Even Sir Marmaduke’s English-tinged roar.

Panic rising, she yanked up her gown, thrusting her arms into the sleeves.

The war cry was all she’d needed to hear.

MacKenzies only used the slogan in battle or when on the verge of an important leavetaking.

Nae, she corrected herself, in the very moment of such a farewell.

“O-o-oh, wait!” She dashed about, searching for her shoes. “You canna leave yet!”

Thrusting her fingers through her tangled, unbound hair, she concentrated, willing herself to remember where she’d pitched her wretched footgear.

But the answer didn’t come.

And her bluidycuaranswere nowhere to be seen.

“Hell’s bells and damnation!” She whirled in a circle, scanning the floor rushes, the great bearskin rugs scattered here and there.

Desperate, she dropped to her knees and peered beneath the bed, seeing naught but a welter of dust balls and smelly, matted rushes.

“Arrgghhhh! So be it!” Frustration welling, she leaped to her feet and ran from the room.

Any who looked askance at her because her hair tumbled loose to her hips and no shoes adorned her feet could, well . . . they could just take a flying leap into the nearest and most ripe dung pit!

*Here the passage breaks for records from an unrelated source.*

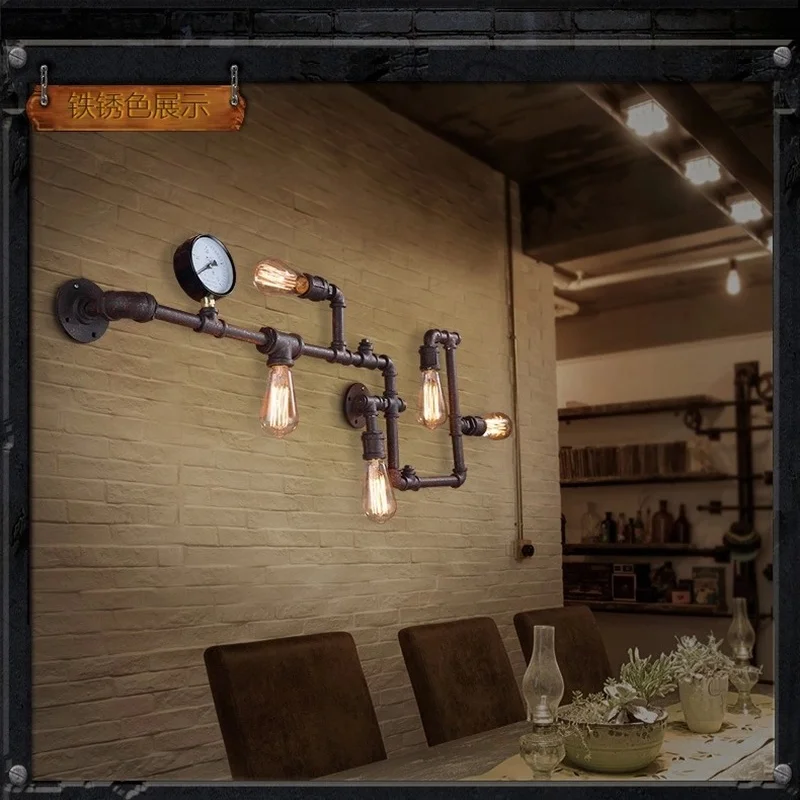2015 г. настенная железная водопроводная лампа винтажный светильник для коридора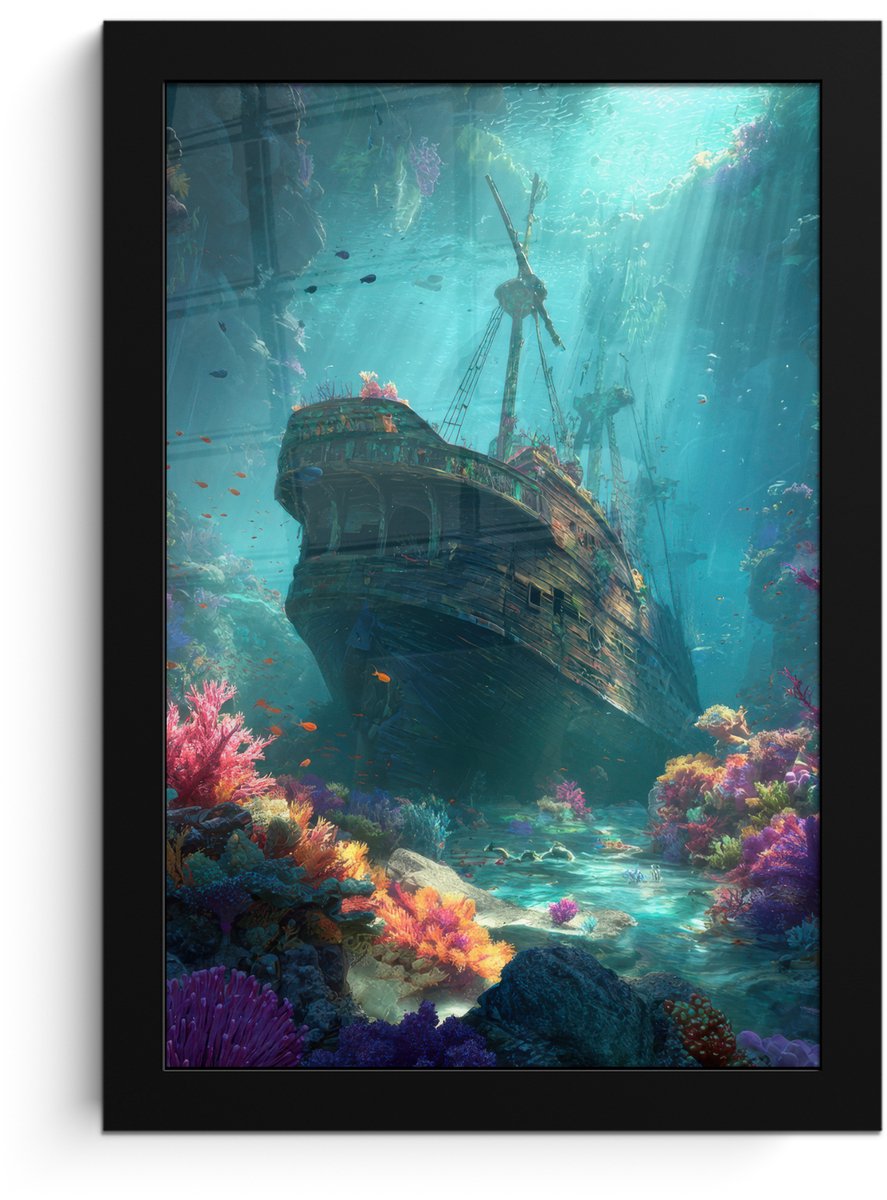 FrameYourWall Poster in lijst - Fotolijst 20x30 cm - Posters - Schip - Hout - Koraalriffen - Zonlicht - Posterlijst zwart - Decoratie - Wanddecoratie woonkamer - Muurdecoratie slaapkamer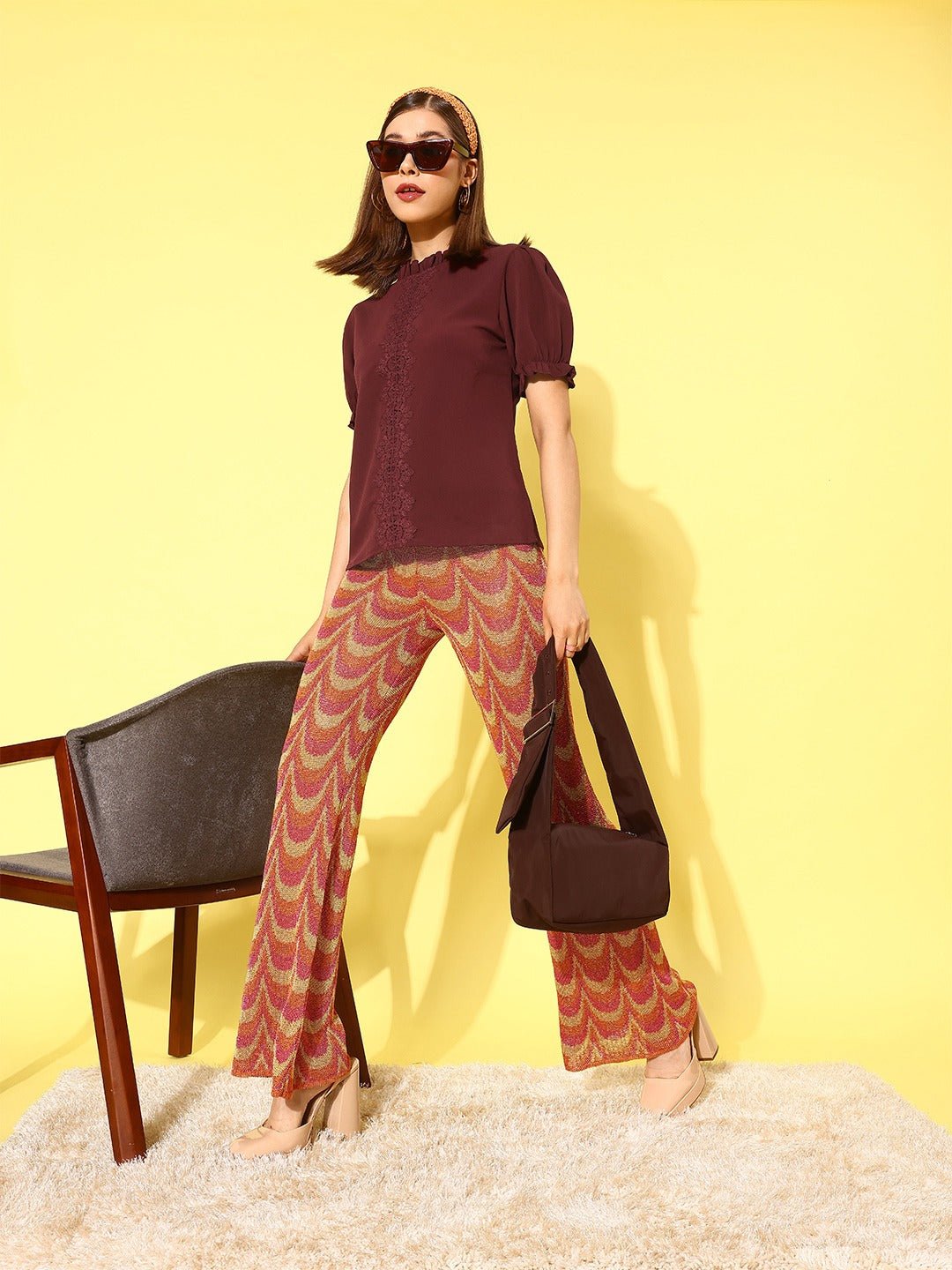 Folk Republic Maroon Solid Contrast Lace Mock Neck Top - #folk republic#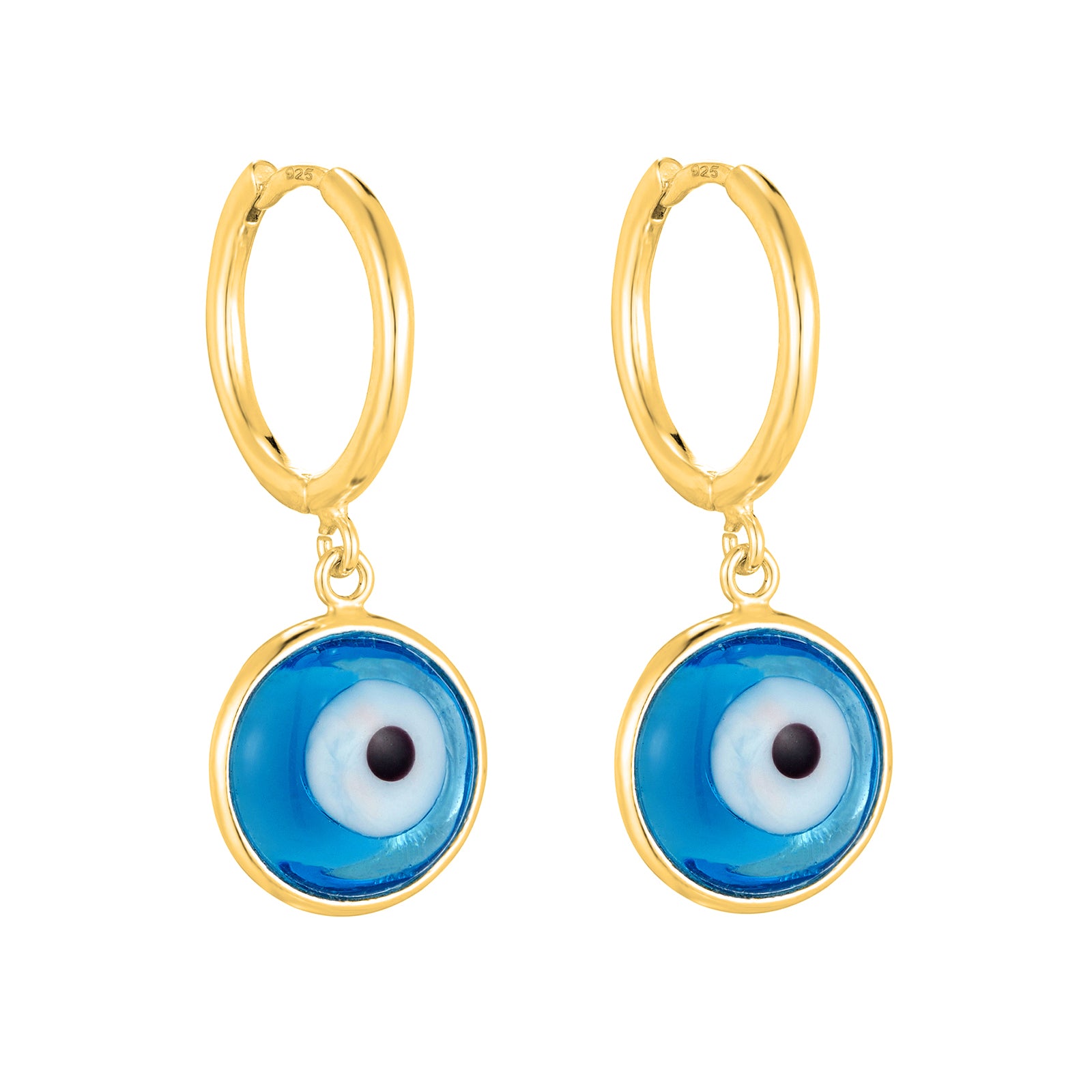 blue evil eye gold hoop - seolgold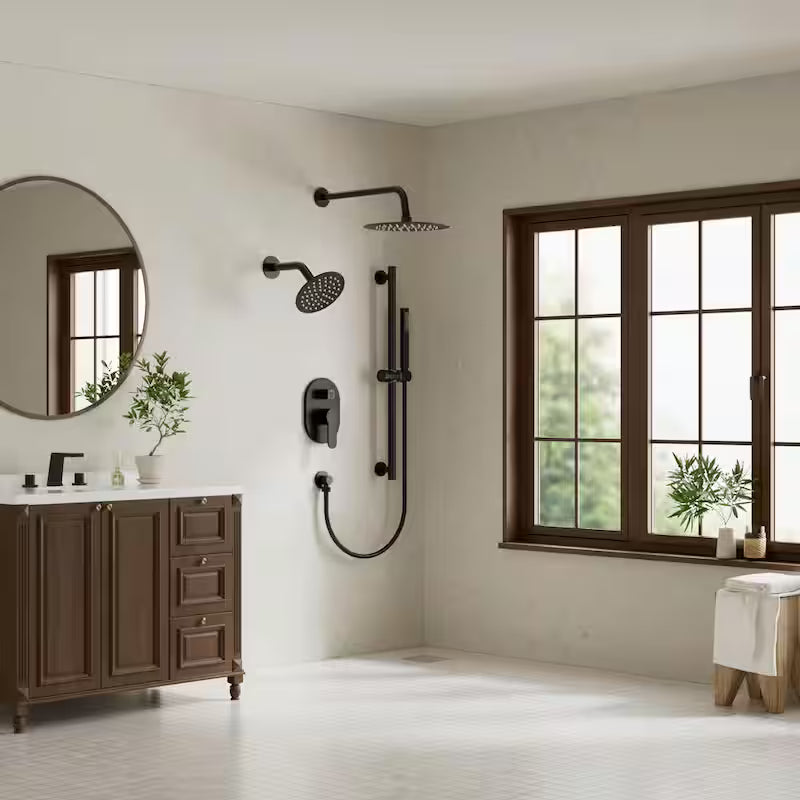 Wall Mounted Dual Shower Head and Handheld Shower Head 2.5 GPM Matte Black C89958
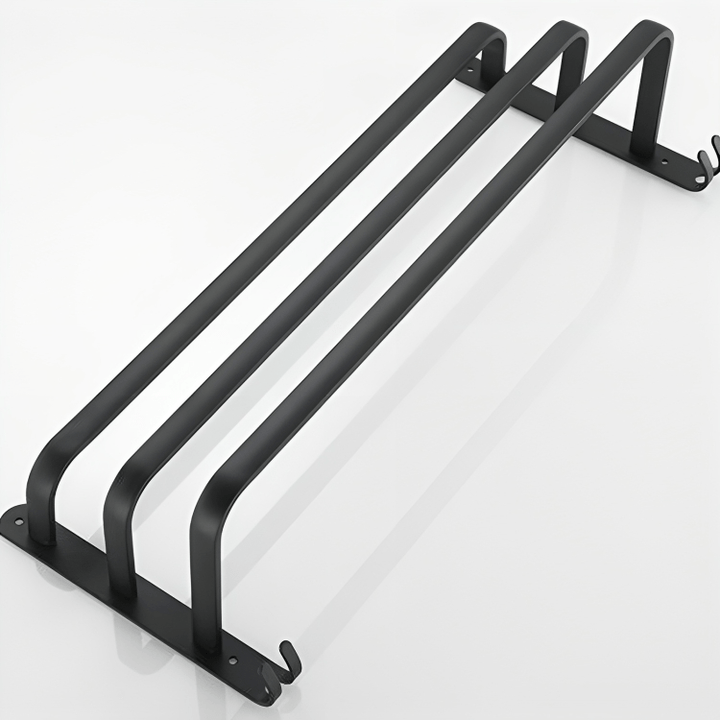 BowLift | Wall-mounted bathroom shelf made of aluminum for towels & accessories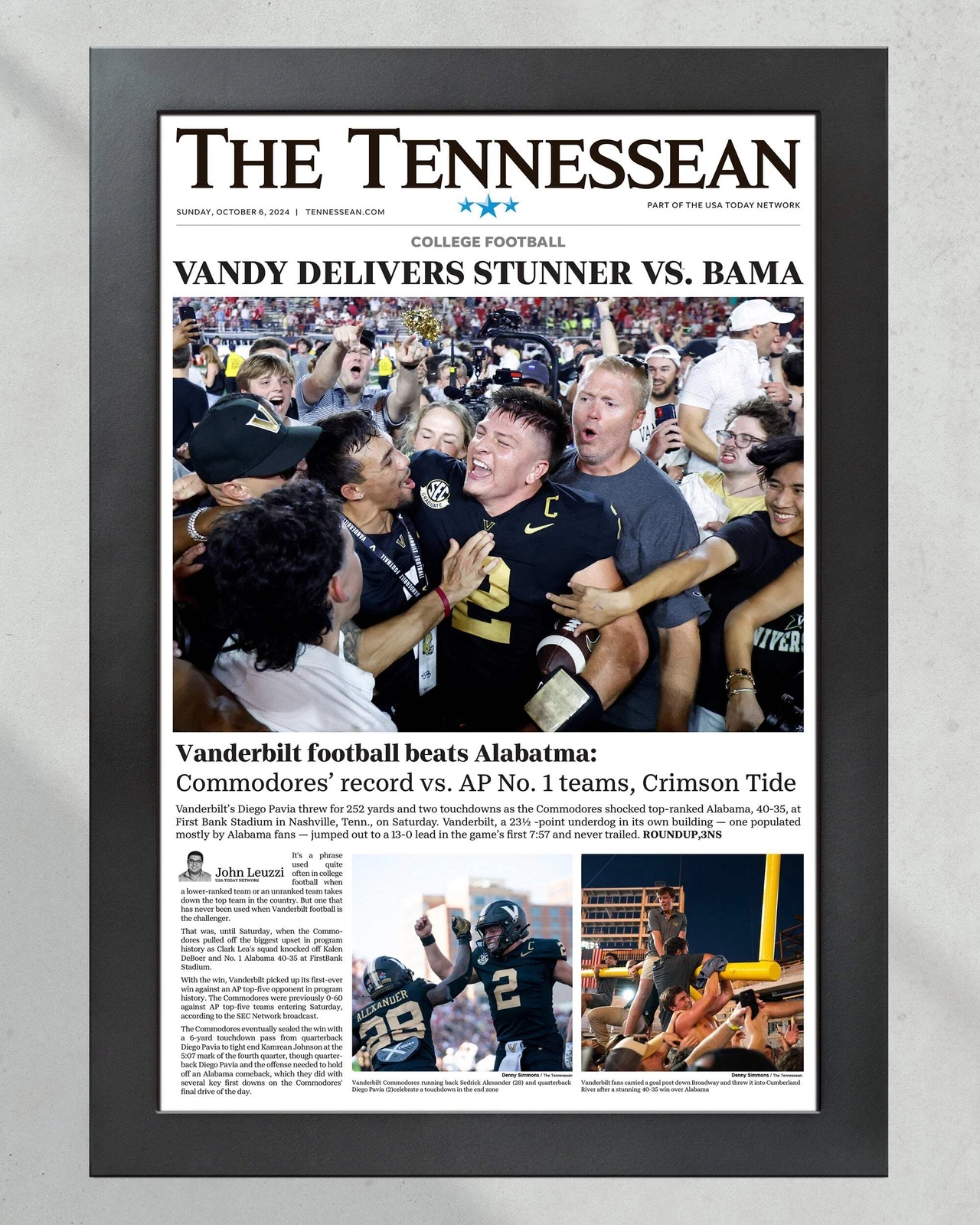 2024 Vanderbilt Commodores' Historic Triumph Over No. 1 Albm - UnFramed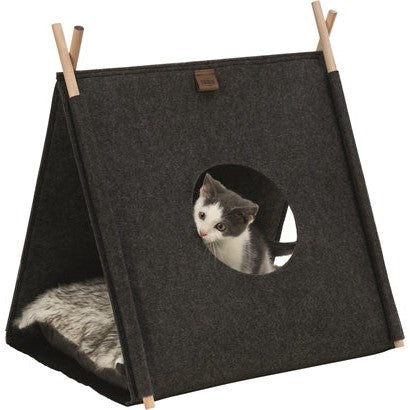 Trixie Kattenmand Tent Elfie Met Kussen Vilt Antraciet - BEDDEN/MANDEN/KUSSENS - BrokjesKoning.nl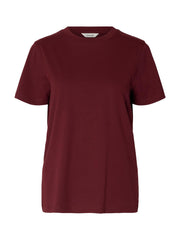 Selected MYESSENTIAL SS O-NECK TEE TAWNY PORT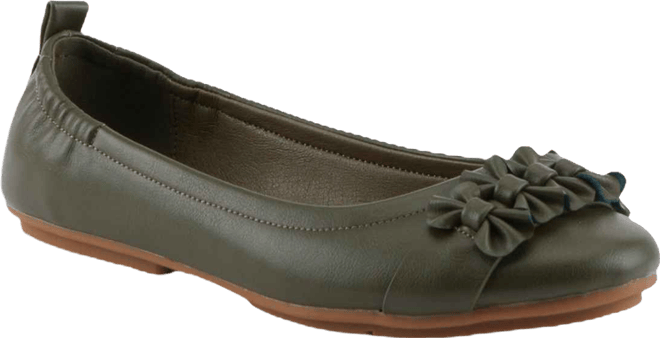 Women's Bow Detail and Scrunch Back Ballay Ballet Flats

A particularly vile and stinky one.

There were, after all, more important things in life than perfectly dressed hair and . . . shoes!

Feeling better already, she sprinted along the dimly lit passageway and tore down the winding turnpike stair, not stopping until she raced through the darkened great hall and burst onto the keep’s outer stair.

A thin drizzle of rain greeted her.

That and utter chaos.

Crowded and torchlit, the bailey swarmed. Stable lads dashed hither and thither and MacRuari guardsmen lined the battlements, their steel glinting and their expressions somber. Her father’s men were already mounted, the whole illustrious lot of them gathered near the entrance to the gatehouse pend, banners snapping and spirits high.

Everywhere, dogs barked and chickens squawked. A loose boar, escaped from his pen, ran underfoot, his zig-zag path across the cobbles increasing the madness. His curling tusks gleamed in the morning light while his squeals and grunts only made the castle dogs bark all the louder.

Most damning of all was the great ear-splitting screech of Dare’s iron-spiked portcullis clanking upward, the creak of wood as the heavy, double-hinged gates swung wide.